Augustin 419 - 09/2016
Drei Gesetze genügen ...
Wien sei gerade dabei, den Status als sicherer Ort zu verlieren, schreibt Hans Rauscher, der «Standard»-Kolumnist. Wie wäre es also mit einer Art »Null Toleranz-Strategie», fragt er. Die kleinsten Delikte hart bestrafen, die Ordnung störende Menschen, z. B. aggressive Bettler, rasch vor Schnellgerichte bringen, Graffiti sofort entfernen – solche Vorschläge wirft er in die Debatte. Uns interessiert hier weniger der Umstand, dass die Wirksamkeit solcher Rezepte schon hundertmal widerlegt ist, sondern wir sind überrascht zu hören, dass Kollege Rauscher in Besitz einer scheinbar allgemein akzeptierten Methode zum Messen des Sicherheitsstatus ist. Wie sonst könnte er so sicher sein, dass Wien den bisherigen Status verliert?Wann genau verändert sich die Sicherheit zur Unsicherheit hin? Ab einer bestimmten Zahl von Morden? Von tödlichen Verkehrsunfällen? Von muslimischen Kindergärten? Von Augustinverkäufer_innen? Von Burkas? Von Trottoirhundstrümmerln? Von schwarzen Blöcken? Von Entführungen Industrieller? Von entdeckten Hanfplantagen pro Quadratkilometer? Von Parallelgesellschaften? Da wollen auch wir uns nicht zurückhalten mit unseren Erfahrungen, was die Stadt unsicher macht. Die Unsicherheit steigt, wenn selbst liberale Zeitungen eine Publizistik der Aufklärung und der Recherche durch die Politik der Angst, die Politik der Gefühle ersetzen.
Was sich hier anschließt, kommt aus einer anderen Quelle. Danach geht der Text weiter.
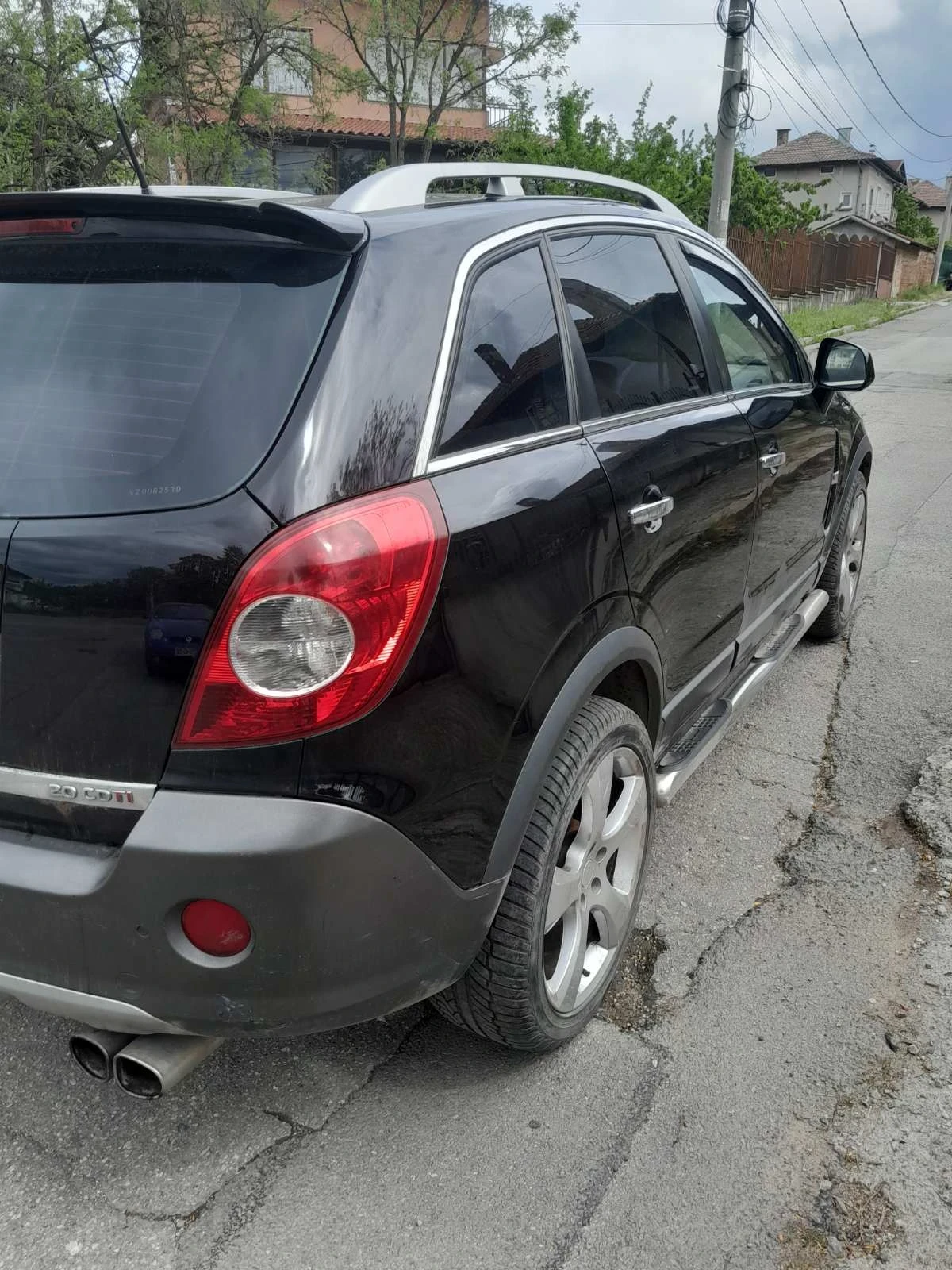 Opel Antara Цяла за части, снимка 4 - Автомобили и джипове - 54584848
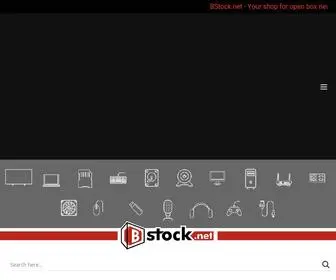 Bstock.net(Electronics Outlet) Screenshot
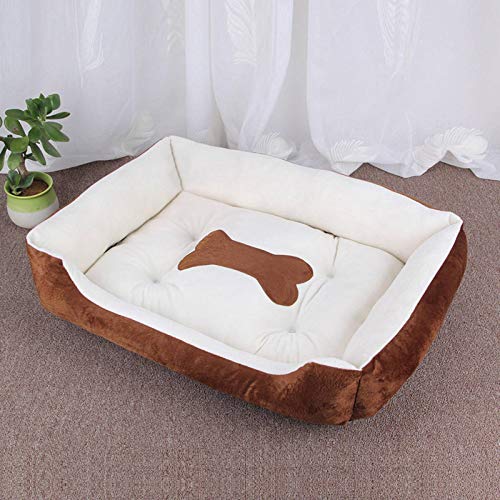 N-B Pet Bed Warm Pet Supplies For Small, Medium and Large Dogs Soft Pet Bed For Dogs Washable House For Cats and Dogs Cotton Kennel Mat
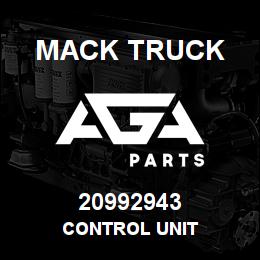 20992943 Mack Truck CONTROL UNIT | AGA Parts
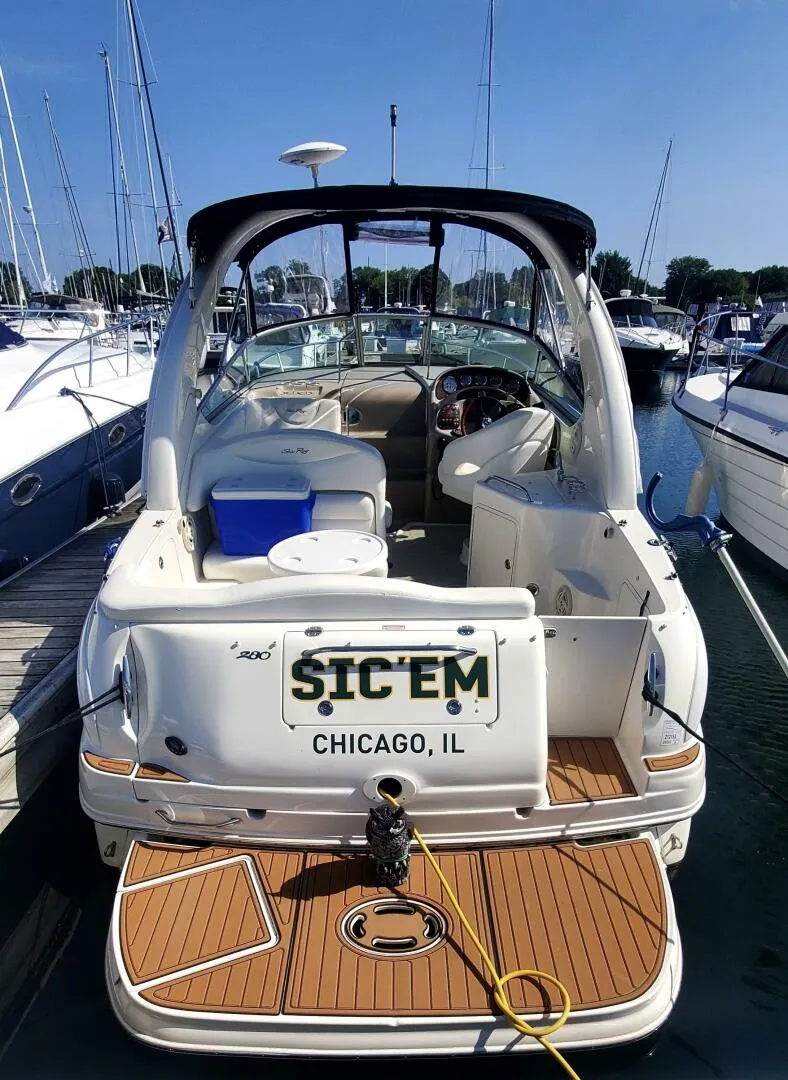 Slide: The Image of Sea Ray 280 Sundancer 2005 - 5982065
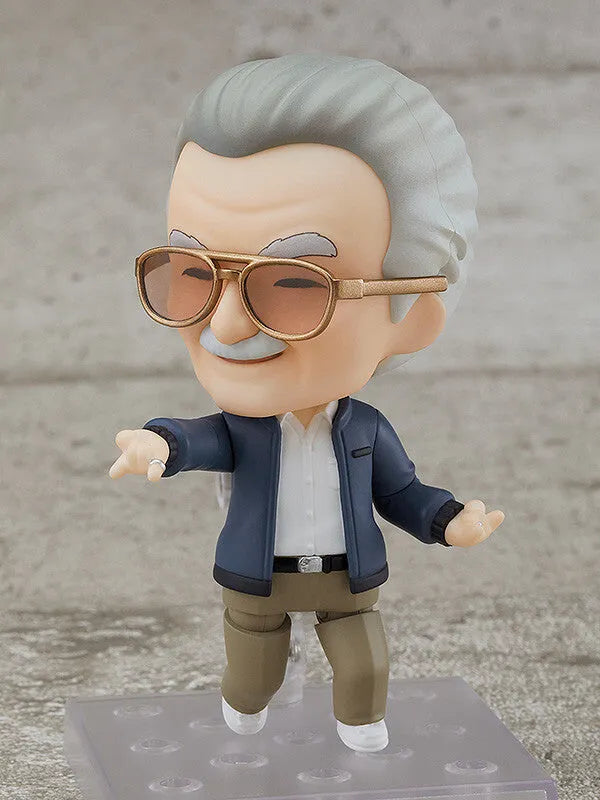Stan Lee - Nendoroid  #2012 (Good Smile Company)ㅤ – Good Smile Company – ActionFigure Brasil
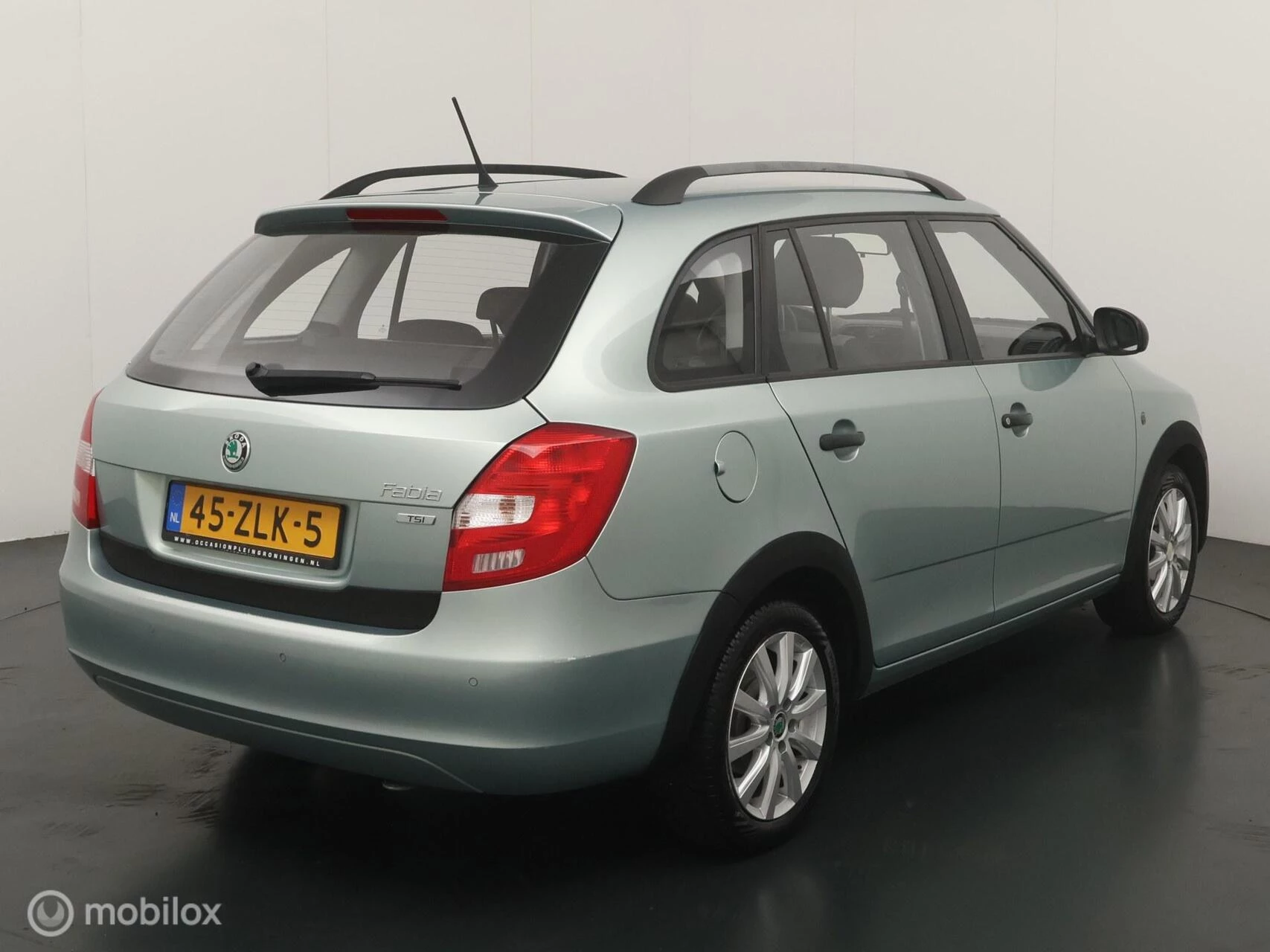 Hoofdafbeelding Škoda Fabia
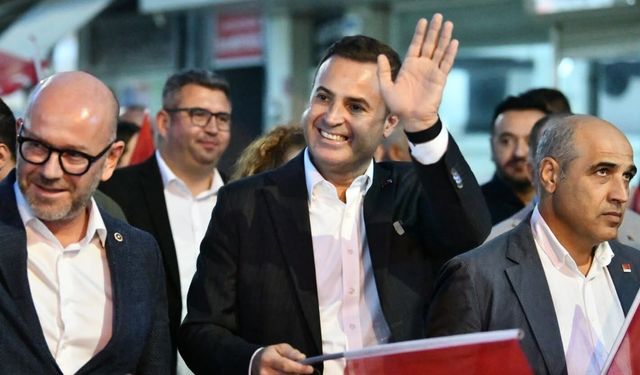 Başkan Akın, Manyas'ın kurtuluşunu kutladı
Auf jedem Bücherflohmarkt sind heutzutage taoistische Weisheiten zu finden. Esoterik? Nein, überlieferte Erfahrungen, die abendländische Angstschürer wie Rauscher und Co. ignorieren. «Je mehr Gesetze und Vorschriften erlassen werden, desto mehr Räuber und Diebe gibt es» – der weiseste der taoistischen Sprüche. Im alten China wurde er geschichtsmächtig. Die Ch’ in-Diktatur (3. Jahrhundert v. Chr.) wurde durch Liu Ping gestürzt, als die Bevölkerung das autoritäre System der Kontrolle und der tausend Regeln nicht mehr aushielt. Die neue Dynastie schaffte sämtliche Gesetze und Verordnungen ab und verkündete, dass nur noch drei Gesetze gelten sollten: gegen Totschlag, gegen Raub und gegen Überfälle. Karl Kraus wird 2000 Jahre später die Kritik an der Verordnungs-Inflation aufgreifen: «Ich verlange von einer Stadt, in der ich leben soll: Asphalt, Straßenspülung, Haustorschlüssel, Luftzheizung, Warmwasserleitung.» Was ums Verrecken entbehrlich ist, fehlt in der Liste: Registrierkassenverordnung, Generalrauchverbot, Null-Toleranz, Brandschutzverordnung. Was letztere betrifft, gilt die Abwandlung der ganz oben genannten kollektiven Cleverness: Je schärfere Brandschutzverordnungen, desto mehr Kosten, die durch Falschalarme ausgelöst werden, und desto weniger konsumfreie Kommunikationszentren.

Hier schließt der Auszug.